Ed is one of the many Doers running a campaign on The DoNation. We asked him a few questions to better understand the man behind the journey and what peddles him onward.
What inspired you to take upon this mammoth challenge?
I have been keen to see the Himalayas and central Asia for years. I could have booked a flight and just explored them. However it felt like cheating and I feel so guilty as I really fly too much. It challenged me to find a way to see places but not harm the environment in doing so. It therefore made sense to just cycle there.
I figured that by getting the right lightweight and fast bike I could do it quite quickly too. The Kinesis bike I am riding has been perfect for doing that. The other factor was that I love photography and what better way to take great pictures than cycle into some stunning places?
How did your friends and family respond when you said you were doing this challenge?
I guess they are getting used to it. I just felt the need to do one truly epic bike ride and hopefully everyone understands that.
There are so many causes and charities out there that you can support. What made you choose The DoNation?
I originally wanted to create a green pledge section on my blog to get people to make changes to their lifestyle after (hopefully!) they were inspired by my trip. A friend then showed me The DoNation and it was perfect for what I wanted to do.
It is a great idea as money just can’t buy our way out of climate change it needs action and The DoNation shows that perfectly. I also hope that by using my bike to visit so many cool sites I can show that flying and polluting so much to get to places is such a devaluing experience.
What do you hope to experience and learn from this trip a normal fuel guzzling tourist would not?
The beauty of cycle touring is the contact with the environment around you.
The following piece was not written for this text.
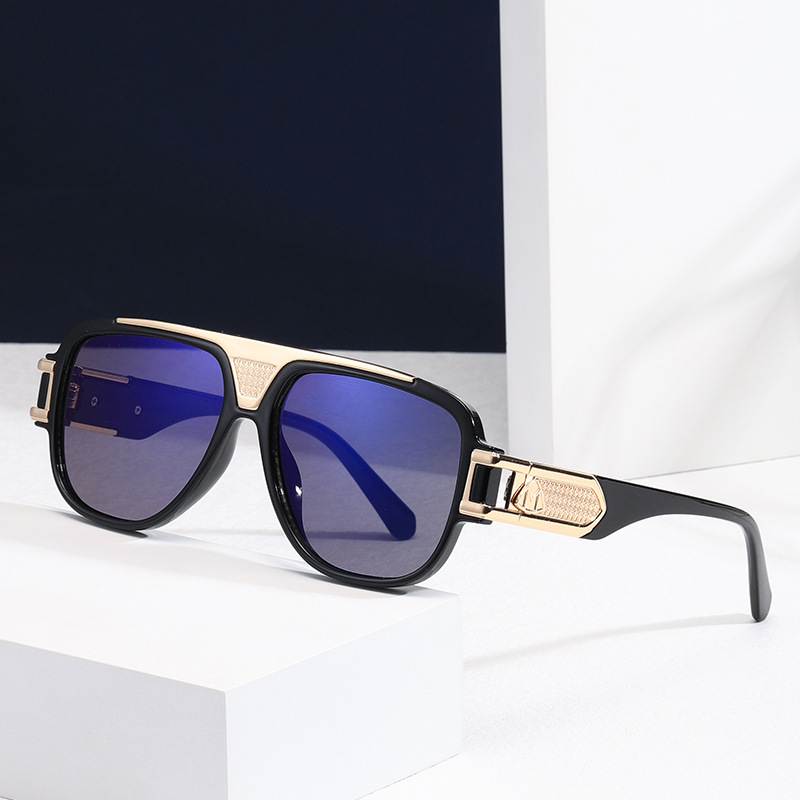 UV-Protective Oversized Chunky Wayfarer Sunglasses with Premium Finish WGSG3271 (44g)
Smiling at locals or being waved down for a cup of tea just doesn’t happen in a car. People always want to stop for a chat when you’re on a bike too and we learn so much from people.
Seeing wild fruit like cherries, apples, plums and figs and stopping in the sun to eat is another part of cycling through Europe. The smells of the world around us can be often over looked but riding past verges of herbs, fields of flowers or even smelly pigs all add a dimension to the trip.
I also love being able to cycle straight into city centres and explore the sites, no finding the train station, no airport waiting and no parking issues either. It’s by far the easiest method of exploring urban areas.
Is there anything you miss from home?!
I have lived overseas for 3 years now so I miss a number of things, mostly hanging out with friends and family. I miss good French bread and cheese from Chamonix too.
What’s your favourite way of passing time when you’re not on your bike?
Sleeping, eating and taking photos! That’s pretty much everything! I have also really enjoyed exploring various historic sites and taking the time to learn about the history of all the countries and cities we visit.
Can you give one memorable experience you’ve gained from the trip so far?
The highlight has been cycling across Romania. It is a fascinating country. The highlights were the traditional wooden villages that have stood still for centuries with horse and carts collecting the hay for each villager’s own cow or goat.
We also rode the Transfagarasan highway – a huge mountain pass in central Romania. The scenery and riding experience lived up to my high expectations of this famous road. Although our few days in Turkey so far have been simply amazing.
One poignant memory was also a Nigerian chap in Prague dressed as a sailor who I chatted to while he unenthusiastically tried selling boat trips. I told him I was cycling to China and I said “you think I’m crazy don’t you?” He replied “you’re normal the rest of us are crazy for not trying”.